Tak terbayangkan betapa senangnya Bapak. Berpuluh-puluh tahun ia menanti kelahiran seorang puteri darah-dagingnya sendiri. 25 September 2012, tangis pertama Nasya Hu Rahma membuncahkan kebahagiaan.

Nasya Hu Rahma
Bapak begitu mendambakan anak perempuan. Dua kali menikah, empat anaknya semua lelaki. Sejak si bungsu, Buana Al Rasyid, mulai besar, harapan Bapak seakan tak mungkin lagi terwujud. Bapak mulai mengambil anak perempuan temannya untuk tinggal di rumah, diperlakukan sebagai anak. Beberapa kali begitu. Dari cara Bapak menyayangi, memberi perhatian beberapa itu, terlihat dalam di matanya keinginan besar untuk punya anak perempuan sendiri, darah dagingnya sendiri.

Tuhan memang seringkali bekerja dengan cara misterius, kadangkala dengan humor yang tak terkira. Anak perempuan idaman Bapak akhirnya lahir, setelah saya, anak pertamanya, berusia lebih 25 tahun! Saya hanya bisa mengulum senyum dengan cara bercanda yang seperti ini.

Nasya Lahir di pagi hari, kira-kira pukul sembilan, setelah malam sebelumnya, nigo (peringatan 3 hari kematian) Akas Didik, Ayah dari Umak. Pelipur lara yang manjur untuk Umak.
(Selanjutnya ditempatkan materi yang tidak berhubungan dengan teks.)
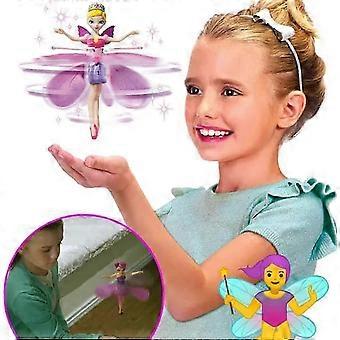 Flying Fairy Flying Princess Doll Magical Flying Pixie Toy Infrared Induction Control Toy, Halloween Christmas Girls And Boys Toys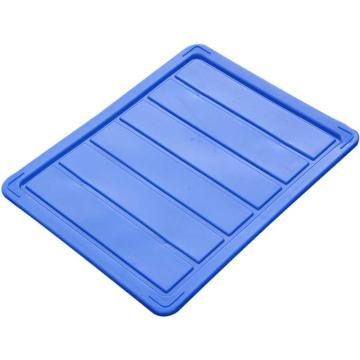 英达斯贝克 周转箱箱盖，3#封闭式周转箱盖,蓝色 外尺寸:540×420×270mm 售卖规格：1个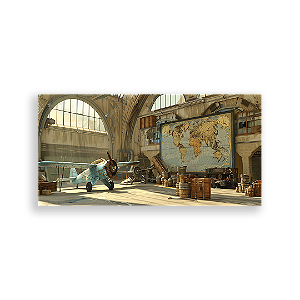 Painel Retangular - Aviador - Sublimado 3D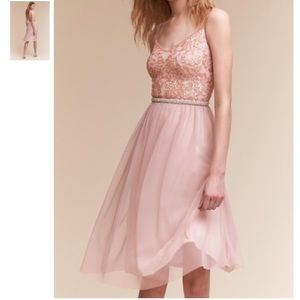 NWT BHLDN Adrianna Papell Bellina Dress Anthro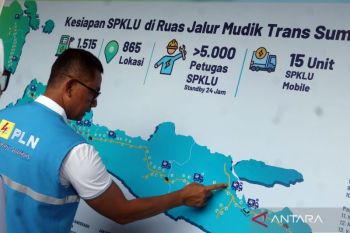 PLN catat konsumsi listrik EV naik 479 persen saat Natal-tahun baru
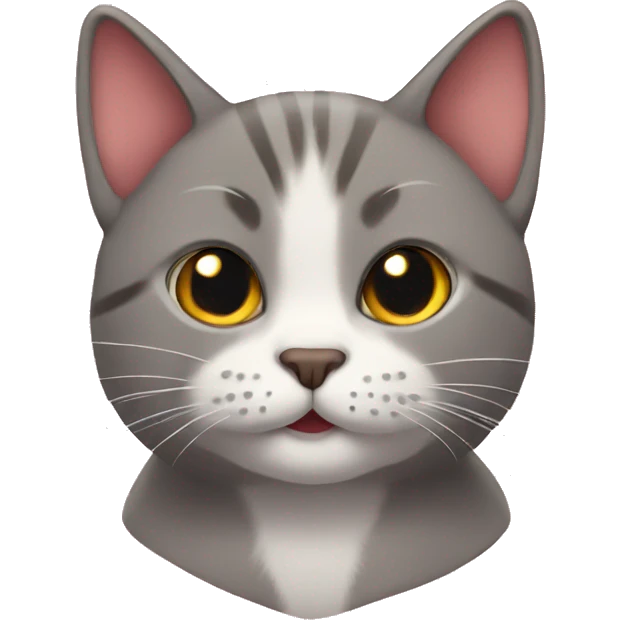 Cat  With love  emoji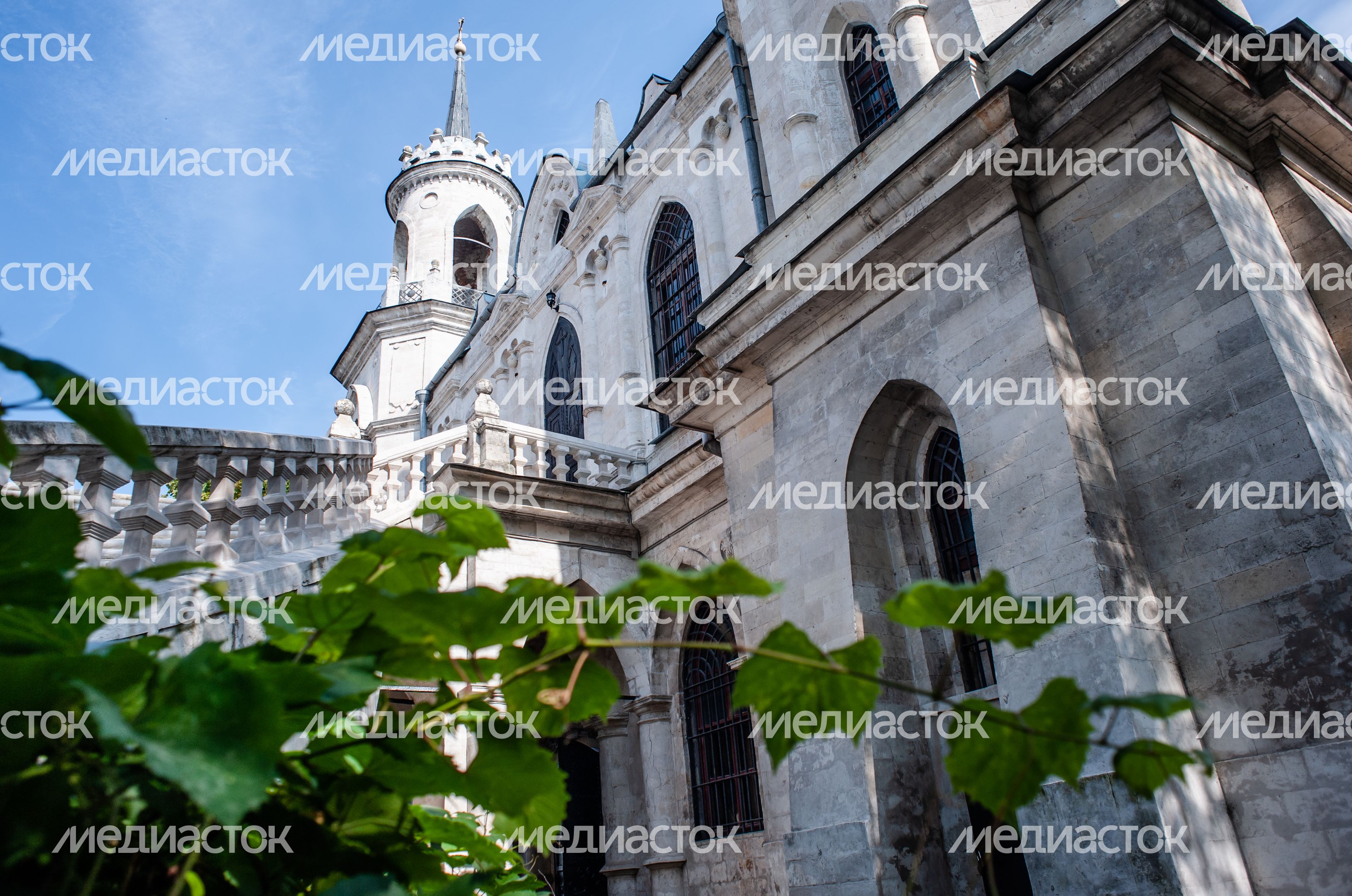 Церковь Владимирской Иконы Божией Матери в селе Быково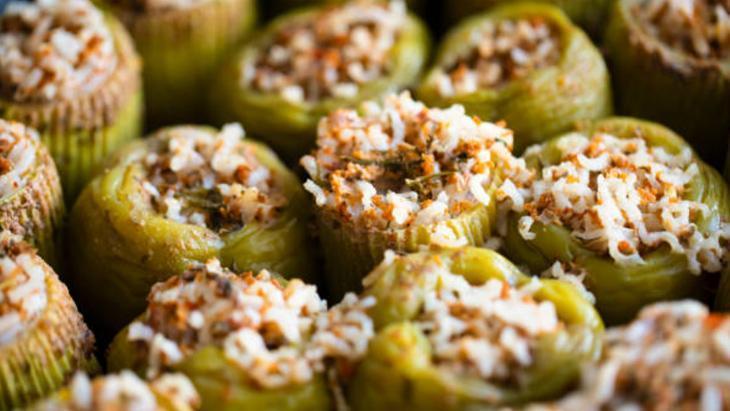 Kabak şöleni Klasik dolmayı solladı, işin ustasından tüyo: Acılık yok, su salmıyor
Nasya lahir ketika bumi ini dihuni oleh kira-kira 7 miliar jiwa. Ketika angka kematian ibu di Indonesia cukup tinggi,  228 jiwa per 100.000 kelahiran. Ketika anak Adam di berbagai tempat yang berbeda berusaha mengendalikan penambahan atau pengurangan angka kelahiran. Ada kebijakan pro-natalis, ada pula anti-natalis, karena pertimbangan-pertimbangan tertentu. Ah, saya tidak akan bicara lebih banyak tentang ini.

Dan Engkau lahir, Dik... Selamat datang. Terima kasih telah menghadirkan kebahagiaan tiada tara itu di hati Bapak dan Umak. Kebahagiaan untuk keluarga besar di desa. Mang As dan Bibi, bahkan memberikan nama berbeda untukmu wahai sang buah hati, Ainun Rahmatullah, Rahma juga.


Setiap menelfon, Bapak bercerita dengan antusiasnya tentang Nasya. Bapak bilang, dia persis saya saat kecil. Oh. Sama seperti Bana kecil, dia sering berkeringat, jelas Bapak. Basah. Terbangun di malam hari, ia tidak akan berhenti menangis kalau belum diajak bicara, bercanda atau digoda.

"Kau 'ni Banut kecik," kata Bapak mengajaknya bicara, mencubit-cubit pipinya. Ia tersenyum.